(Dataset records)
"""
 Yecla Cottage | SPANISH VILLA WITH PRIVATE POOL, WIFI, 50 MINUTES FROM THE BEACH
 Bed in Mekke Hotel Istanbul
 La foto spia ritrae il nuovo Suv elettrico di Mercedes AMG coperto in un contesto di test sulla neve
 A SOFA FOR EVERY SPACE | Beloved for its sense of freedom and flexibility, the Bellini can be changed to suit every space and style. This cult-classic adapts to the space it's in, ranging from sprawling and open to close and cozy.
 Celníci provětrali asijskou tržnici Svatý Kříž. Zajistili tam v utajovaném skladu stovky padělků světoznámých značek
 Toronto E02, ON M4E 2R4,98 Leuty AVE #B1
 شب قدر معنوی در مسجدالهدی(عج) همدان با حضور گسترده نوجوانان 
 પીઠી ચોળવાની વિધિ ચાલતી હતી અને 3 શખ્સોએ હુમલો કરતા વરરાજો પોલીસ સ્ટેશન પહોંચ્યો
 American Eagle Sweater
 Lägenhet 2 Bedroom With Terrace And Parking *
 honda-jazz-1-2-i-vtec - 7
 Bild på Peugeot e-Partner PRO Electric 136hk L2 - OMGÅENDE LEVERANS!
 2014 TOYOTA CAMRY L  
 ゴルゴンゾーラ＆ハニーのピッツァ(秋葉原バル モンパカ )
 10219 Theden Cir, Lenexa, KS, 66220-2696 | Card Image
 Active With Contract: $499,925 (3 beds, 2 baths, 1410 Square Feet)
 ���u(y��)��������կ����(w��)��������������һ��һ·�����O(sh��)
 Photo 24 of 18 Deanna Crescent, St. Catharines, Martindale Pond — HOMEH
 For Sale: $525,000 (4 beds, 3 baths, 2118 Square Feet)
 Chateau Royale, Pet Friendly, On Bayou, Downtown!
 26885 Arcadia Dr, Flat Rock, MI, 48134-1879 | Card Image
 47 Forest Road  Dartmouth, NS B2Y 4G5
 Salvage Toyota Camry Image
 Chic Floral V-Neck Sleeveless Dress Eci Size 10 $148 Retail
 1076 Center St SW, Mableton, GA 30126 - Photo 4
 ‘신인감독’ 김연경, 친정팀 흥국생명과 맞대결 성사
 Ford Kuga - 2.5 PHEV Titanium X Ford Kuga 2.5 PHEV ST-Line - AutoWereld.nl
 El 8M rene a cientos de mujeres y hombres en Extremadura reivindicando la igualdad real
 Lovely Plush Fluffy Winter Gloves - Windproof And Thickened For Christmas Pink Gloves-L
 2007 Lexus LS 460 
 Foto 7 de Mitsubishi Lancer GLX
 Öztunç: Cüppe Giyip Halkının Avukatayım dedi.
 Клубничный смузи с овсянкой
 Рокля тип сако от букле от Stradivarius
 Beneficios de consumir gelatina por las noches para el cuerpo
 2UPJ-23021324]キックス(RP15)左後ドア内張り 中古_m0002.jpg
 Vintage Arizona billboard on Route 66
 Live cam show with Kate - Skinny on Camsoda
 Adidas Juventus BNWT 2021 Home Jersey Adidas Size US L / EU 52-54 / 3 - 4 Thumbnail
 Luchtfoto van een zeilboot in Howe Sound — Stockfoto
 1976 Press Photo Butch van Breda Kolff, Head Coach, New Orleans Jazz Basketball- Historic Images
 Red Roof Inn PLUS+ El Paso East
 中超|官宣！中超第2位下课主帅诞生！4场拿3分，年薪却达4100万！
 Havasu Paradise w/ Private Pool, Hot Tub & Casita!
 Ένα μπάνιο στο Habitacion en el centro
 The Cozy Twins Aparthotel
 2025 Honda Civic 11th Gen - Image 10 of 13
"""
Determine how many lines of the entries above carry the string "Photo", and give that number alone.

Response
3